There are many words I take issue with — hate, favorite, ambitious, impactful, and the list goes on. The most recent addition to this list is success. I find that success is narrowly defined by a particular group of people, and that definition is impressed upon all people, including communities of color. It doesn’t stand to reason that a standard definition can be applied unilaterally because it does not consider and honor one’s lived experience, one’s history.
I say this from experience. As an immigrant and an ESL student fumbling through our education system not designed for someone like me, success meant assimilating, shedding my skin and identity, and acquiring whiteness. That’s the crux — success assumes that results of the dominant white group are the norm; that’s the reference point with which we make sense and meaning. We center whiteness as we define success. That is so problematic.

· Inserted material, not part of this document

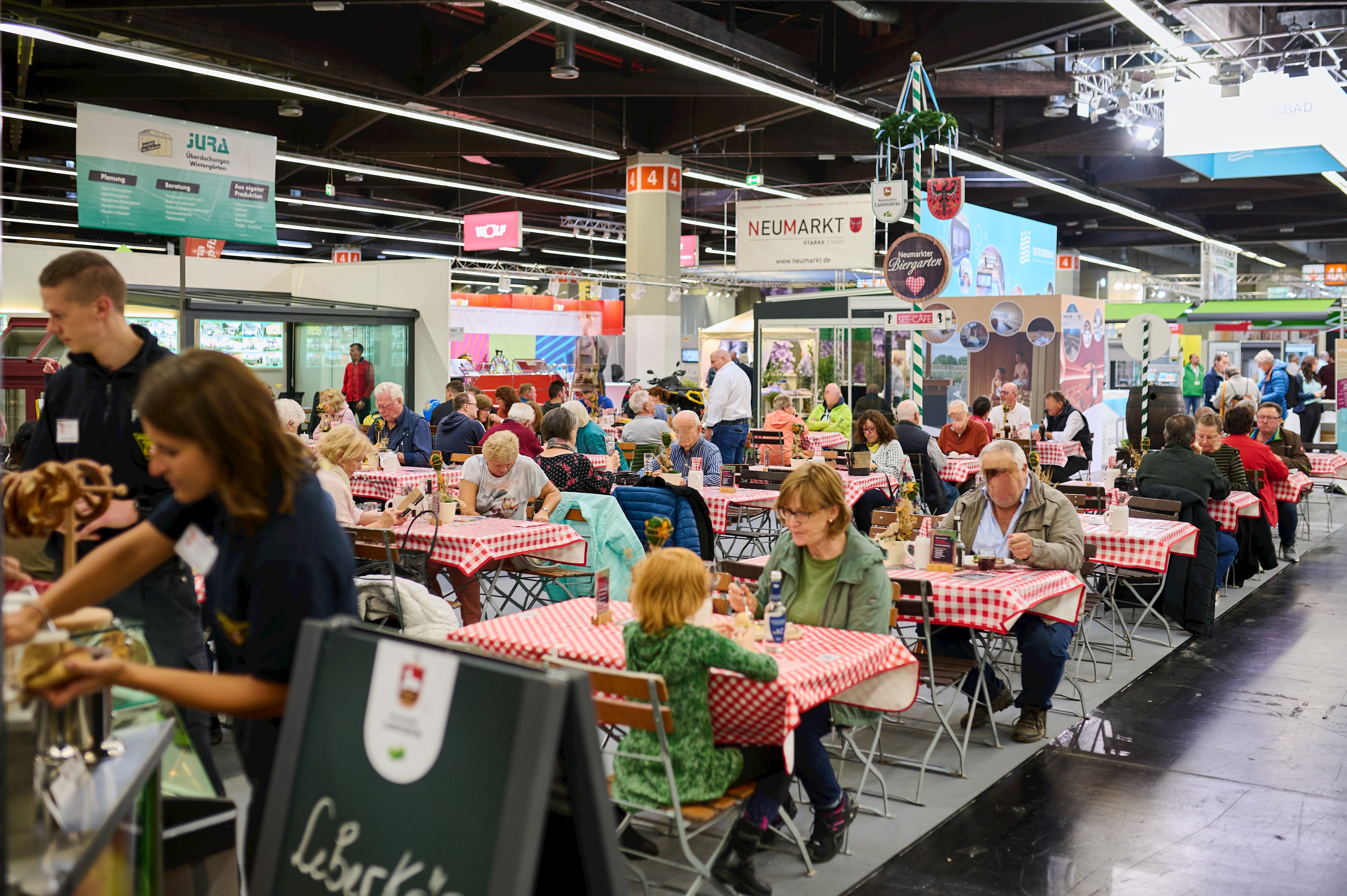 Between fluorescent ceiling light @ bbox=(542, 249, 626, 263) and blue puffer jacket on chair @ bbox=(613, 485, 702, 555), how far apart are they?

As I venture into the independent consulting space, I am focused on work that promotes thriving for communities of color and personal fulfillment for individuals as defined by the community or person in question. Only I know the progress I made when I was a 10-year-old ESL student. While I might not have been successful at the end of the school year as defined by the academic progress indicators, I knew that I was able to breathe a bit easier, make a little more sense of my new surroundings. This felt more life sustaining than anything else.
As communities of color reclaim their power and elevate their voices, I strive to reframe and redefine success, so the definition is inclusive of one’s lived experience and history; so that success isn’t centering white dominant group as the reference point; so that success considers notions of thriving, a meaningful life, and personal fulfillment. These are the concepts that are owned by communities and individuals.